The Foreign Agricultural Service’s (FAS) McGovern-Dole Food for Education Program helps provide these meals to children in low-income, food-deficit countries that are committed to universal education. The program aligns with President Obama’s Feed the Future initiative and has helped feed millions of children over the years. One example of the success of this program can be found in the Republic of Congo, where the undernourishment rate of children is estimated at nearly 35 percent of the population.
Since 2001, FAS has implemented four McGovern-Dole Programs in Congo through the non-profit organization, International Partnership for Human Development (IPHD). During this time, IPHD distributed about 30,000 metric tons of U.S.-donated foods (rice, beans, potato flakes and vegetable oil) to nearly 150,000 pre-school and primary school-age Congolese children. IPHD also supported school infrastructure, parent-teacher associations and children’s health needs.
When low-income families with limited food supply learn the local school is providing lunch, enrollment increases and families begin to take a greater interest in their children’s education and the needs of the local school. In some schools, both children and parents work in school gardens, said Dr. William Pruzensky, IPHD president.
“Lunch increases children’s learning ability and desire to stay in school,” he said. “As a result, a larger number of children reach and complete the fifth grade than prior to the existence of the program. Many children find the learning experience exciting and rewarding and go on to secondary school, which increases the literacy rate ofthe Republic of Congo.”
IPHD’s efforts helped increase Congolese school enrollment by nearly 24 percent. The drop-out rate has decreased by more than 50 percent and absenteeism—mainly due to malaria—decreased 66 percent. More than 70 percent of students in IPHD school-feeding programs own a mosquito net, compared to 31 percent of students who aren’t in a program.
Because of the FAS McGovern Dole program success in the country, the Congolese Ministry of Education asked IPHD to help develop a school lunch program in secondary schools and to help expand Congolese adult literacy program beyond the 15,000 adults currently enrolled.
Organizations conducting McGovern-Dole projects must develop plans to help the country graduate from the program and continue the program on its own.
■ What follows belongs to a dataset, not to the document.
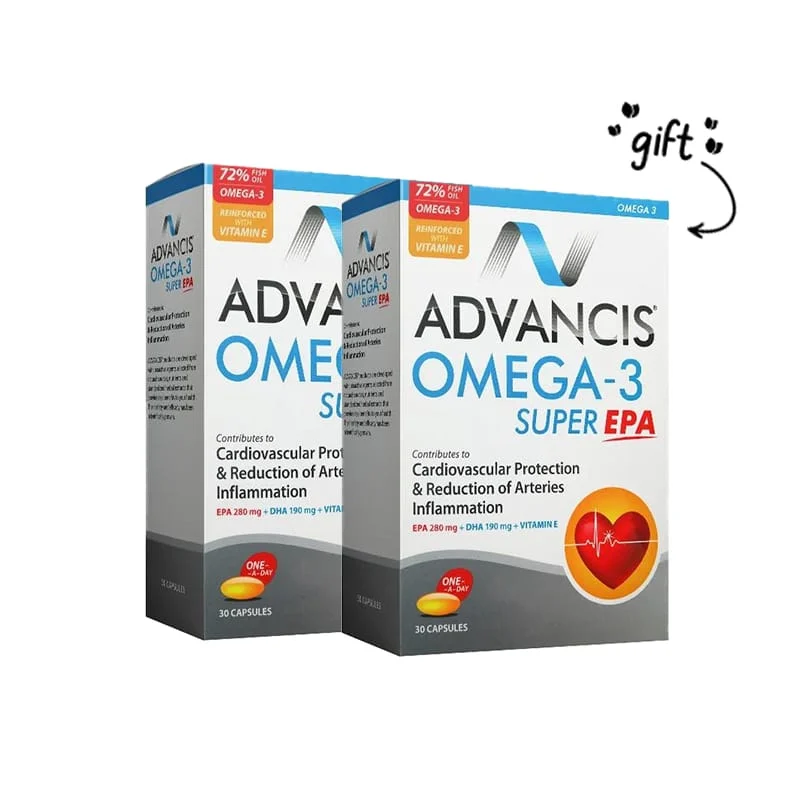 Buy 1 Get 1 | Omega-3 Super EPA 2x30 Capsules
In 2010, the Congolese government approved a plan that gradually decreases the amount of U.S.-donated food and increases the Congolese government’s logistical and administrative support. The Congolese government is expected to take complete responsibility for the school lunch program by the end of 2015.
“Developing a self-sustainable school lunch program helps sustain child health improvements,” Pruzesnky said. “This ultimately leads to a better educated citizen who will participate more in the socio-economic and political life of the nation.”
Currently, FAS funds 37 active McGovern Dole Food for Education agreements with 16 cooperating sponsors in 26 countries, assisting more than five million beneficiaries. To date, the program has provided meals to more than 28 million children.